## Description of the task:
The lines to copy are those holding the string "White" in the entries below.
——————
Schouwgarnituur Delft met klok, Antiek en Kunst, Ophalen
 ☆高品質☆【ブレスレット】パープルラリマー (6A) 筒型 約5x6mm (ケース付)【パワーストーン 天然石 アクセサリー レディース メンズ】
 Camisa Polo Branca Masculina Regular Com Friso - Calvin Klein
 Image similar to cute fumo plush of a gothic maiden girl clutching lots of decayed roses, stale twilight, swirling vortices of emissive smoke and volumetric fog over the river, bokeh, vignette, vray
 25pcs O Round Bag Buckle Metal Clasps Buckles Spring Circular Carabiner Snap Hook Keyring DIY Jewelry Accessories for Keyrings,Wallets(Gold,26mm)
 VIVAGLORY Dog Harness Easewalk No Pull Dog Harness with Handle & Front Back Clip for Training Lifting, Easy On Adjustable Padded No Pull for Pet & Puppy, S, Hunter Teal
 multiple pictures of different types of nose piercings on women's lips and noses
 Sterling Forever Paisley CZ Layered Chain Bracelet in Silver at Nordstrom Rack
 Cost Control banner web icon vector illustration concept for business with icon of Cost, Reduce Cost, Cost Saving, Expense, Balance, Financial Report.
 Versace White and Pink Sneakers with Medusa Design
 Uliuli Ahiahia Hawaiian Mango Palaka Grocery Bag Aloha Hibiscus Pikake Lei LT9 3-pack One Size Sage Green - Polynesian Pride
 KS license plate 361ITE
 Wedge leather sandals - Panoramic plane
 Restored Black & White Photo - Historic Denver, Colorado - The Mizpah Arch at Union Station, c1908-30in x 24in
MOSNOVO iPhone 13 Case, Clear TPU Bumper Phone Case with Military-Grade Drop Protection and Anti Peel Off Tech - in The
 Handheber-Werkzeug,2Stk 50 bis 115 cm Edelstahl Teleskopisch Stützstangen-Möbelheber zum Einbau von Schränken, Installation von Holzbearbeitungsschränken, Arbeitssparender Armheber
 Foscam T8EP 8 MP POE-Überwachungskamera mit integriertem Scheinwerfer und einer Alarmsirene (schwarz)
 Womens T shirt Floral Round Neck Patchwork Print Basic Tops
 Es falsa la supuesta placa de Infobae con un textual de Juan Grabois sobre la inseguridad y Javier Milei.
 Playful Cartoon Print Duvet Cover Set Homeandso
——————
## Response below:
 Versace White and Pink Sneakers with Medusa Design
 Restored Black & White Photo - Historic Denver, Colorado - The Mizpah Arch at Union Station, c1908-30in x 24in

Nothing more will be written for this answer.